FAISS
This backend uses Facebook's FAISS library for approximate nearest neighbour search. It is the recommended default for most datasets and ships with three presets.
When to use
- Use as the default choice for most low-to-medium dimensional datasets
- It performs best when datasets are large and an accuracy loss is worth the reduced computation
- It performs worst on very high-dimensional data
How it works
At fit time, FAISS builds an index over the validation features. The index type determines
the tradeoff between speed and recall. flat performs exact search via FAISS's optimised
L2 scan. ivf (Inverted File Index) partitions the dataset into cells using k-means, then
at query time searches only a subset of cells determined by n_probes, where more probes means
higher recall but slower queries. n_cells is set automatically to sqrt(n_samples) if
not specified, capped at 4096.
Presets
| Preset | index_type | n_probes | Recall |
|---|---|---|---|
balanced |
ivf |
50 | ~98% |
fast |
ivf |
30 | ~95% |
turbo |
flat |
— | 100% |
Parameters
| Parameter | Type | Default | Description |
|---|---|---|---|
k |
int | 10 | Number of neighbours |
index_type |
str | "flat" |
Index type: "flat", "ivf", or "hnsw" |
n_cells |
int | sqrt(n_samples) |
Number of IVF cells.

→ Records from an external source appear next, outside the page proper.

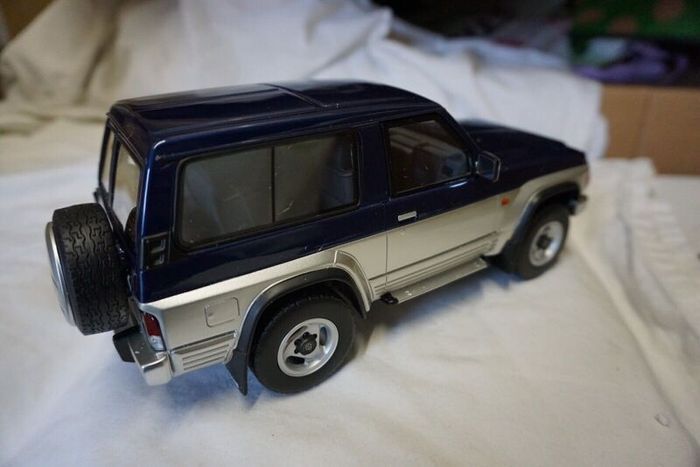 Nissan Patrol Gr Blue Th1 & Silver Kj1 1992 - Very Rare - Ottomobile - 1/18 - New In Box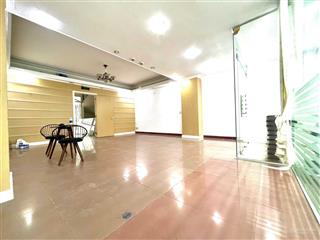 Cho thuê mặt bằng trệt + lầu 50m2 đến 130m2 ngang 6m ở khánh hội quận 4 giá chỉ 25 tr/th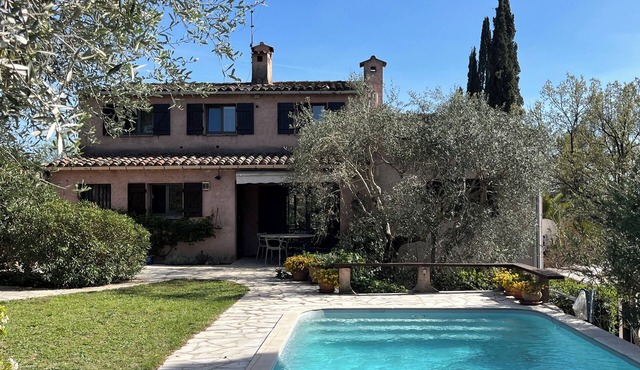 Villa Cazat Rozat in Saint Paul en Forêt (83 Var)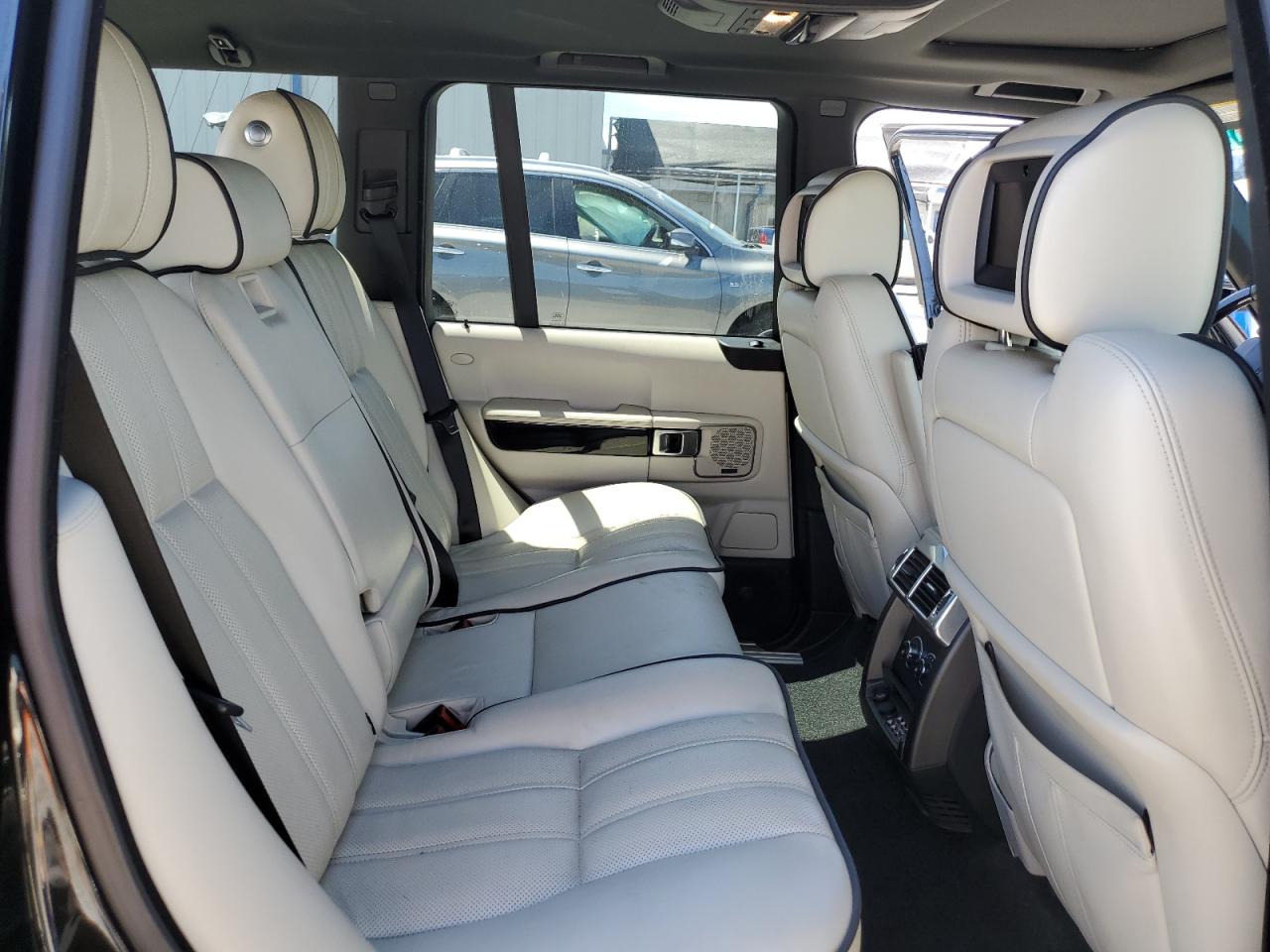 2011 Land Rover Range Rover Hse Luxury VIN: SALMF1E47BA354668 Lot: 57890905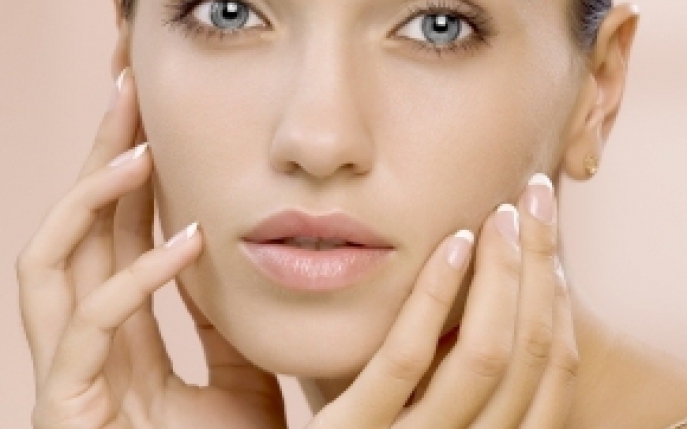 Top 10 cosmetice pentru ingrijirea tenului de la 12 lei
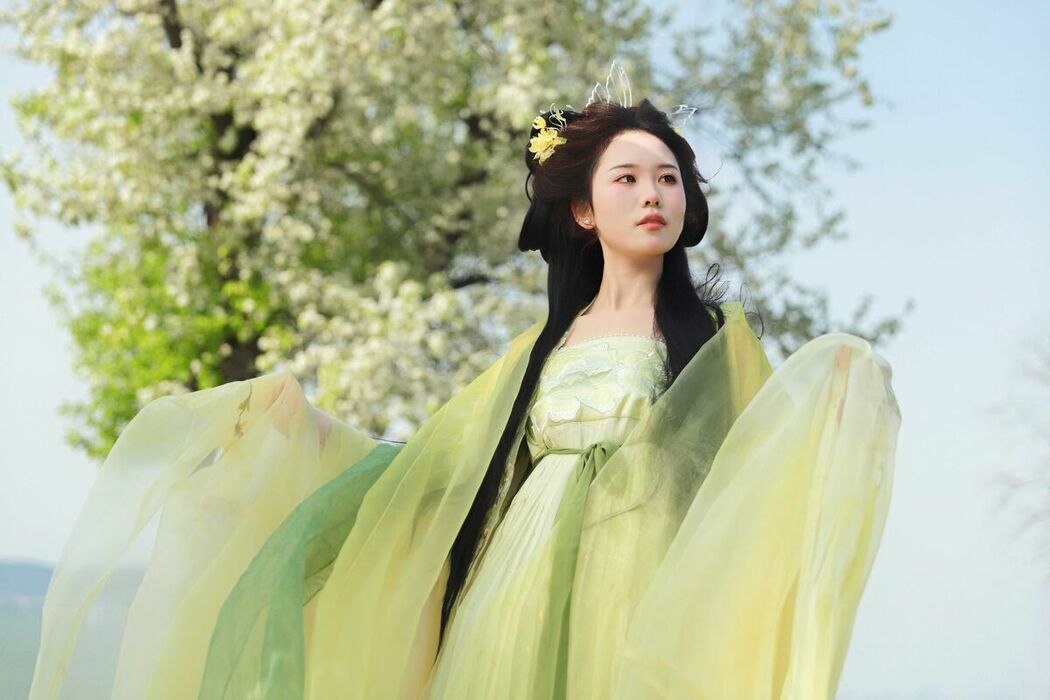 YiTuYu艺图语 Vol.9934 Han Han Ting (28P)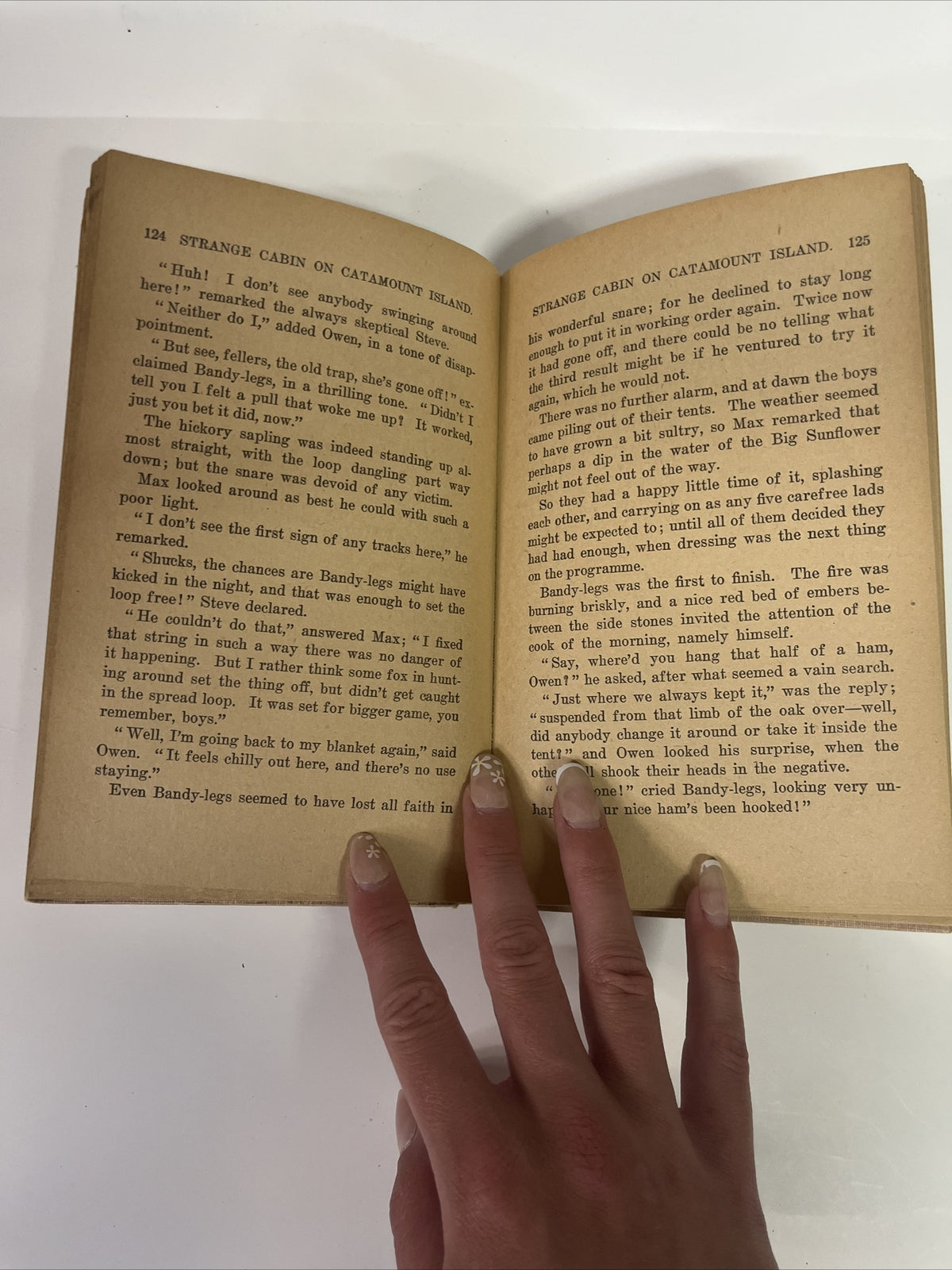 The Strange Cabin on Catamount Island by Lawrence J. Leslie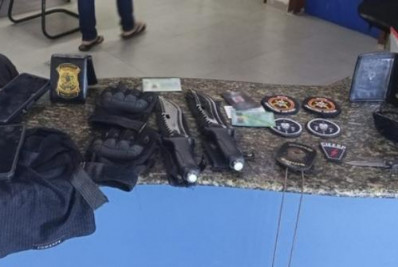 Homem é detido com uniforme semelhante ao do Bope e material de identificação falsa em Angra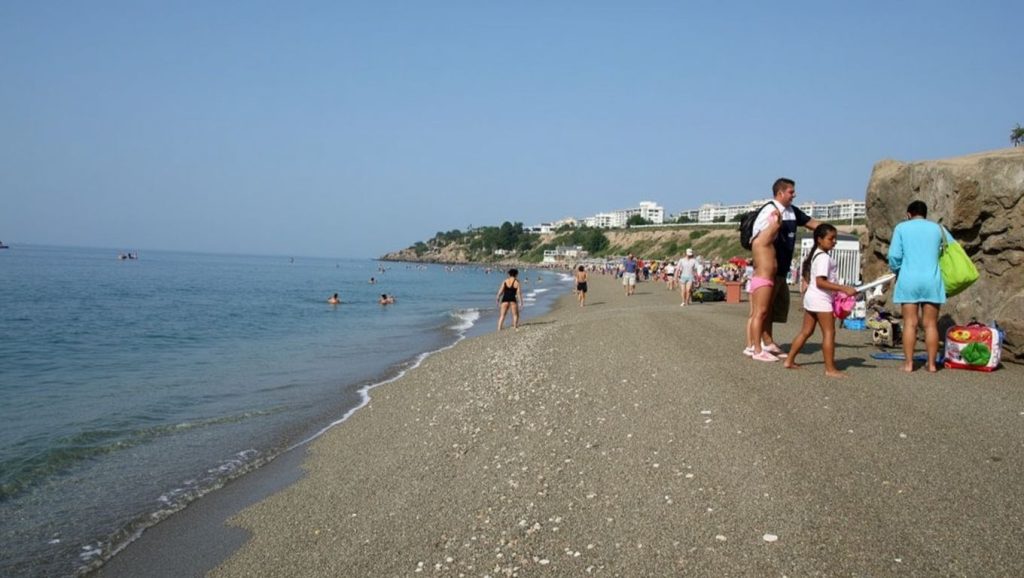 Agua y arena en Playa Para Campers de Burriana, Nerja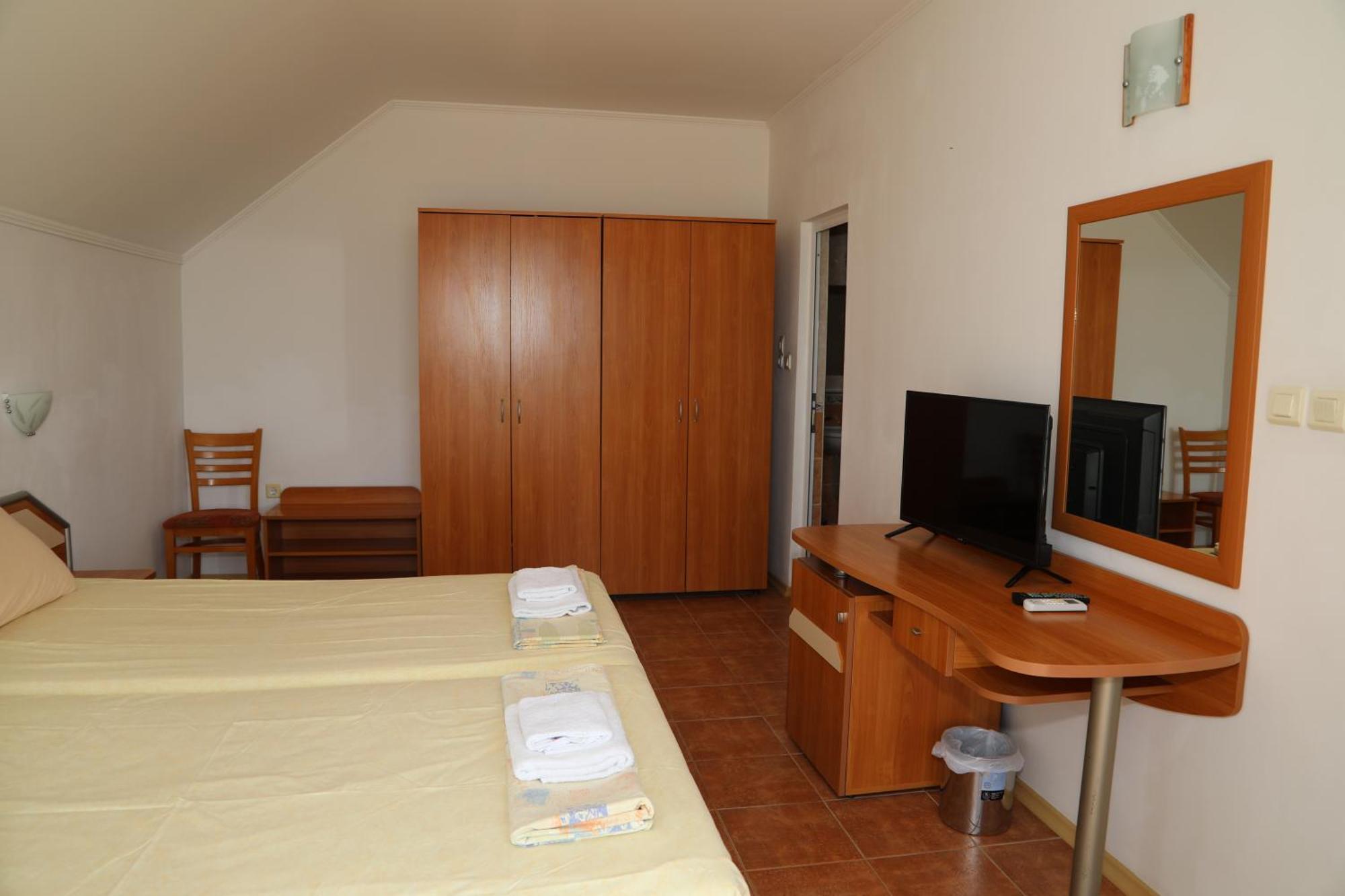 Hotel Sofia Beach Nesebar Buitenkant foto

Only used when index_type="ivf" |
n_probes |
int | 50 | Number of cells searched per query. Only used when index_type="ivf" |
hnsw_M |
int | 32 | HNSW graph connections per node. Only used when index_type="hnsw" |
hnsw_efConstruction |
int | 400 | HNSW build-time search width. Only used when index_type="hnsw" |
hnsw_efSearch |
int | 200 | HNSW query-time search width. Only used when index_type="hnsw" |
Dependencies
faiss-cpu>=1.7
Example
from deskit.des.knorau import KNORAU
# Using a preset
router = KNORAU(task="classification", metric="accuracy", mode="max", k=20, preset="balanced")
router.fit(X_val, y_val, val_preds)
weights = router.predict(x)
# Custom IVF configuration
router = KNORAU(task="classification", metric="accuracy", mode="max", k=20,
preset="custom", finder="faiss", index_type="ivf", n_probes=80)
router.fit(X_val, y_val, val_preds)
weights = router.predict(x)
Notes
FAISS IVF requires a minimum of 40 samples per cell to train. If the validation set is too
small, the library will automatically reduce n_cells and emit a warning.
FAISS Flat may have floating-point precision issues on data with 2 or fewer feature; a warning will be emitted in that case.